Of the 12,142 operations studied, 3600 (29.6%) received perioperative dexmedetomidine (DEX) and 8542 did not receive the drug (NoDEX). Patient characteristics were different between the 2 groups with the DEX group generally exhibiting both lower patient and procedural risk factors. Patients who received dexmedetomidine were more likely to have a lower level of Society of Thoracic Surgeons mortality complexity than patient who did not receive it. Consistent with their overall lower risk profile, children in the DEX group also demonstrated improved outcomes compared with patients who did not receive dexmedetomidine.

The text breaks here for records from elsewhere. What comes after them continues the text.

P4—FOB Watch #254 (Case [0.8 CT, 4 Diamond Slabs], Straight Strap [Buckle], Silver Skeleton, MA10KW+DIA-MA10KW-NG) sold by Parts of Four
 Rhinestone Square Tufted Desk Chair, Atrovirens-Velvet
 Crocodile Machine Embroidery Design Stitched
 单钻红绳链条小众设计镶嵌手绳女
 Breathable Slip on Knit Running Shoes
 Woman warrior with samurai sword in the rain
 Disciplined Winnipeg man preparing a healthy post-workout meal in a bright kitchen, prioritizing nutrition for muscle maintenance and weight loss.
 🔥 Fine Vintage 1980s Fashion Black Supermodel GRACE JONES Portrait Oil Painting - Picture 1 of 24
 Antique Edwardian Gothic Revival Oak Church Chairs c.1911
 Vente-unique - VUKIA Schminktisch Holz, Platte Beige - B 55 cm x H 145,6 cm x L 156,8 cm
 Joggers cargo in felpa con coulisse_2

We described the growing use of dexmedetomidine in children anesthetized for surgical repair of CHD. Dexmedetomidine appears to be preferentially given to older and larger children who are undergoing less complex CHD surgery. We believe that the data provided in this study are the largest investigating the use of an anesthetic drug in CHD patients. It is also the first analysis of the anesthesia data in the CCAS-STS Congenital Heart Disease database.
右美托咪定是一种选择性α-2受体激动剂,具有镇静和心肺方面的特性,使其成为先天性心脏病(CHD)患儿有吸引力的麻醉剂。尽管一些规模较小的单中心研究表明,右美托咪定在CHD患儿围手术期的应用越来越受到关注,但多中心数据有限,对不同年龄范围、手术复杂性和中心之间使用差异的了解甚少。本研究的目的是利用先天性心脏麻醉学会-胸外科医师协会(CCAS-STS)登记处的数据,描述心脏病患儿围手术期右美托咪定使用在患者和中心层面的变异性。
为了描述右美托咪定在CHD手术患者中的使用情况,我们分析了2010年至2013年录入CCAS-STS数据库的所有首次体外循环手术。比较了术中接受右美托咪定和未接受右美托咪定患者的患者和手术特征。还描述了与使用右美托咪定相关的选择性结局。
在研究的12142例手术中,3600例(29.6%)接受了围手术期右美托咪定(DEX),8542例未接受该药物(NoDEX)。两组患者特征不同,DEX组通常显示出较低的患者和手术风险因素。接受右美托咪定的患者比未接受右美托咪定的患者更有可能具有较低的胸外科医师协会死亡率复杂性水平。与总体较低的风险特征一致,DEX组患儿与未接受右美托咪定的患者相比,结局也有所改善。
我们描述了右美托咪定在接受CHD手术修复麻醉的患儿中使用日益增加的情况。右美托咪定似乎优先给予年龄较大、体型较大且接受不太复杂CHD手术的患儿。我们认为,本研究提供的数据是调查麻醉药物在CHD患者中使用情况的最大规模数据。这也是对CCAS-STS先天性心脏病数据库中麻醉数据的首次分析。